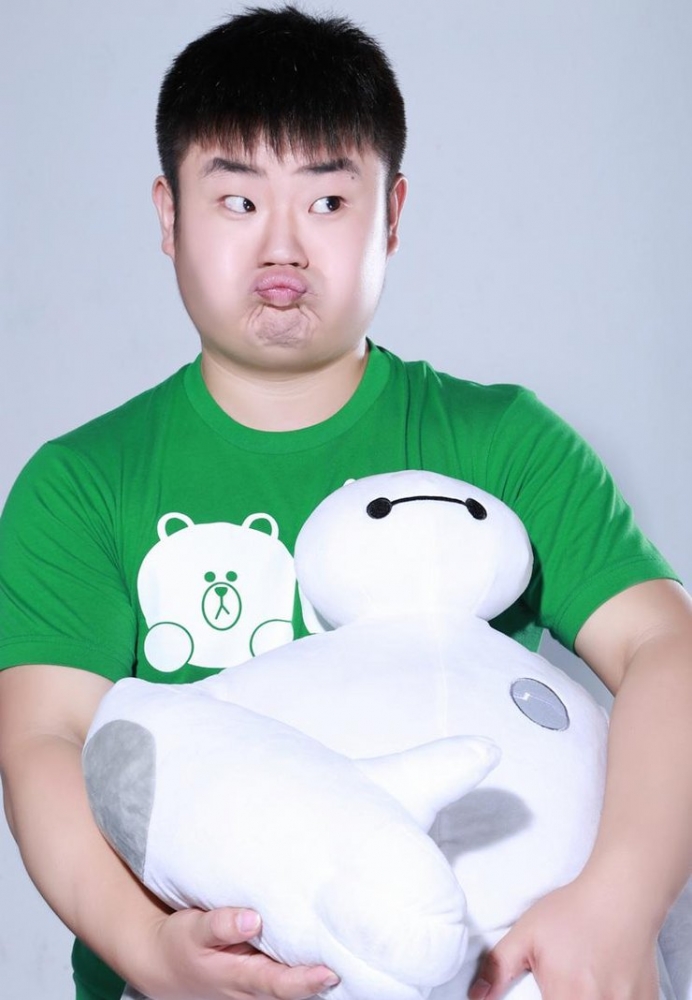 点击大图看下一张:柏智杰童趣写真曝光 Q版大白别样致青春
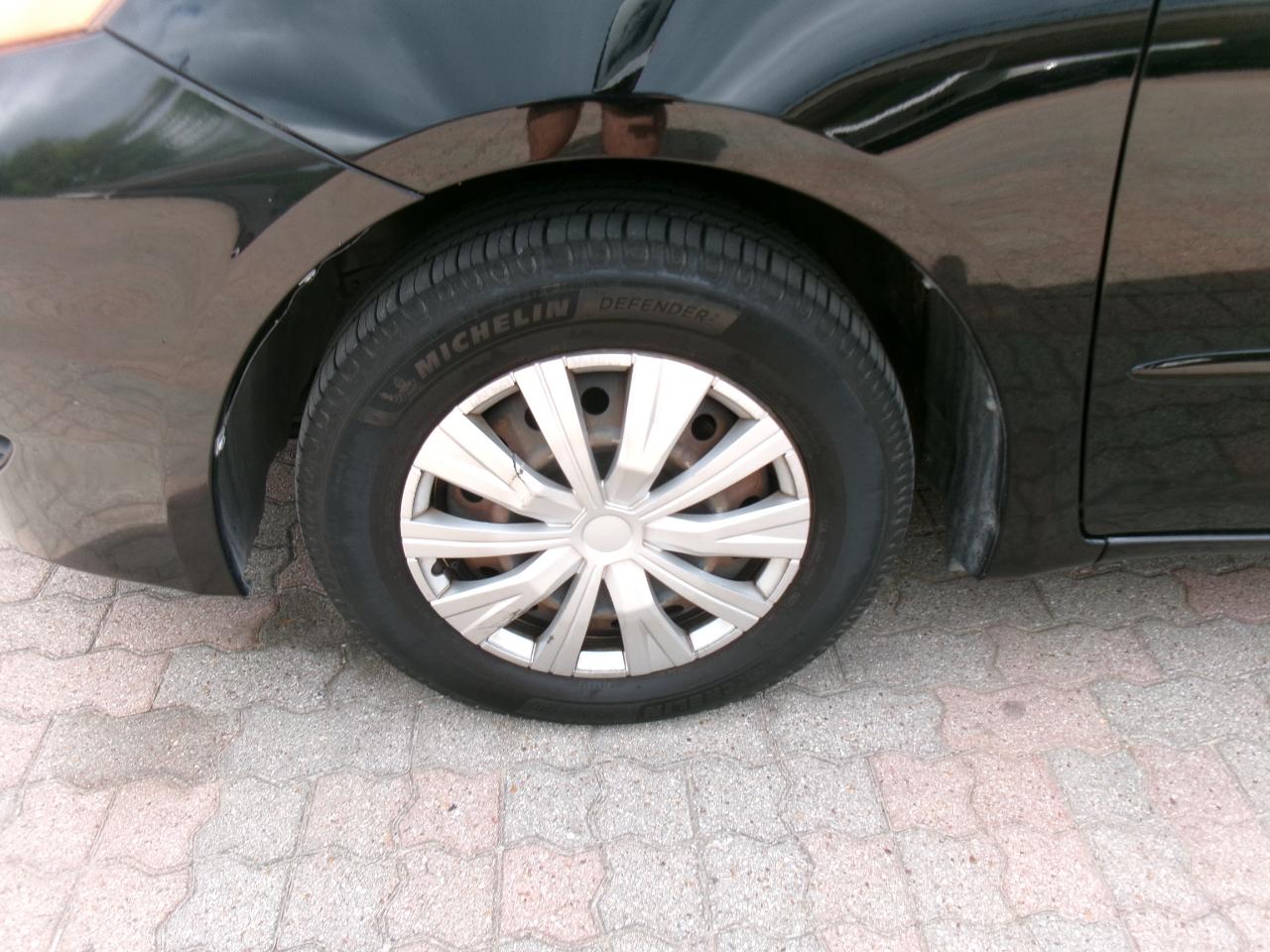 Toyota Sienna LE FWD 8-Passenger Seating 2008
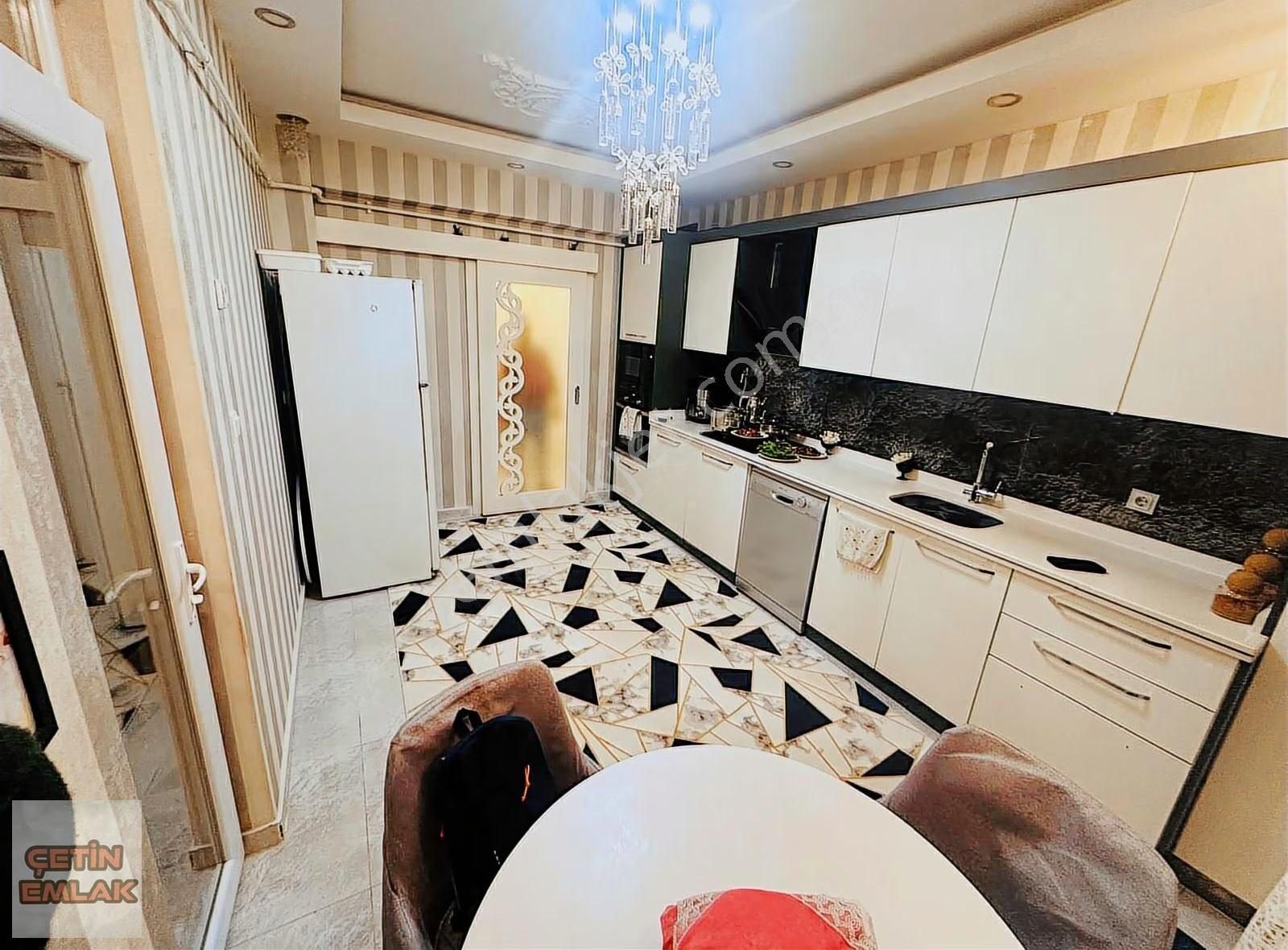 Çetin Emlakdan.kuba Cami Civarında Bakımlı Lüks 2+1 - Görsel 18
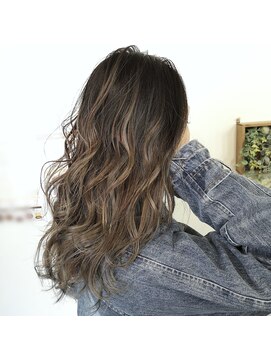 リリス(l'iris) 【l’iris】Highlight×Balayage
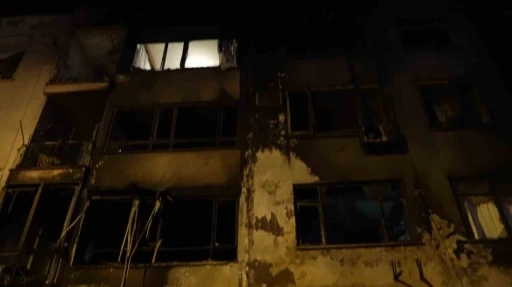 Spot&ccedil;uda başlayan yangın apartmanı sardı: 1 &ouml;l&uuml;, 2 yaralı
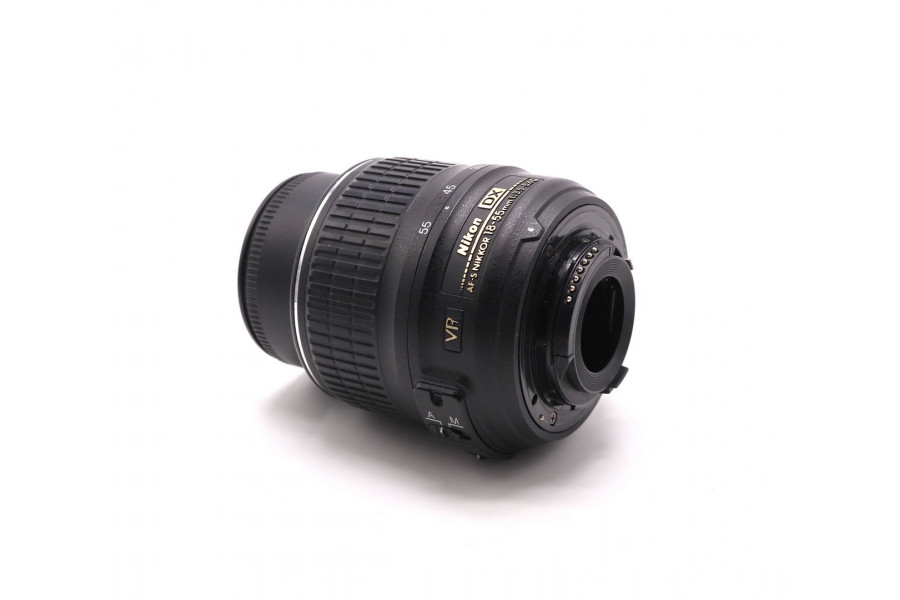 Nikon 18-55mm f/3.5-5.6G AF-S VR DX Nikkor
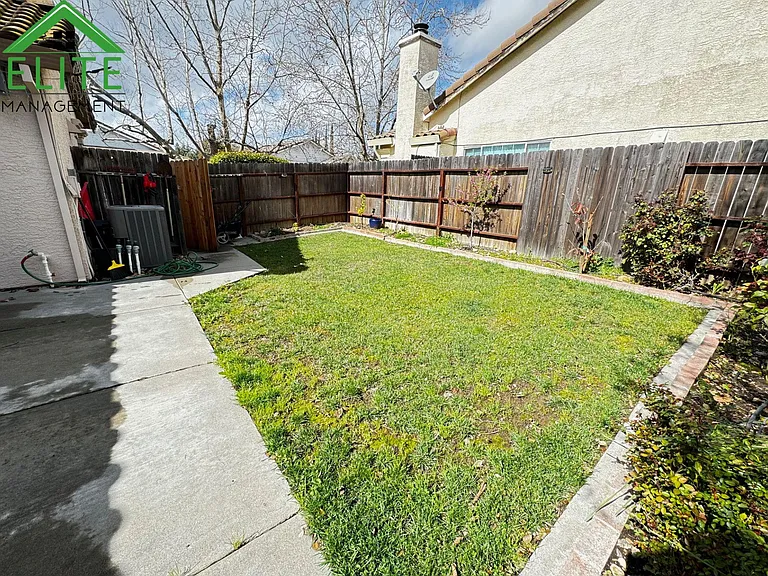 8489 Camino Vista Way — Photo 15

▬▬▬▬▬▬

> **Exercise aim**
Pictures in the material above should be skipped; print exactly the lines from the one with "Çetin Emlakdan.kuba Cami" through the one with "Nikon 18-55mm f/3.5-5.6G AF-S VR DX Nikkor".

> **Answer to this exercise**
 Çetin Emlakdan.kuba Cami Civarında Bakımlı Lüks 2+1 - Görsel 18
 リリス(l'iris) 【l’iris】Highlight×Balayage
 Spot&ccedil;uda başlayan yangın apartmanı sardı: 1 &ouml;l&uuml;, 2 yaralı
 Nikon 18-55mm f/3.5-5.6G AF-S VR DX Nikkor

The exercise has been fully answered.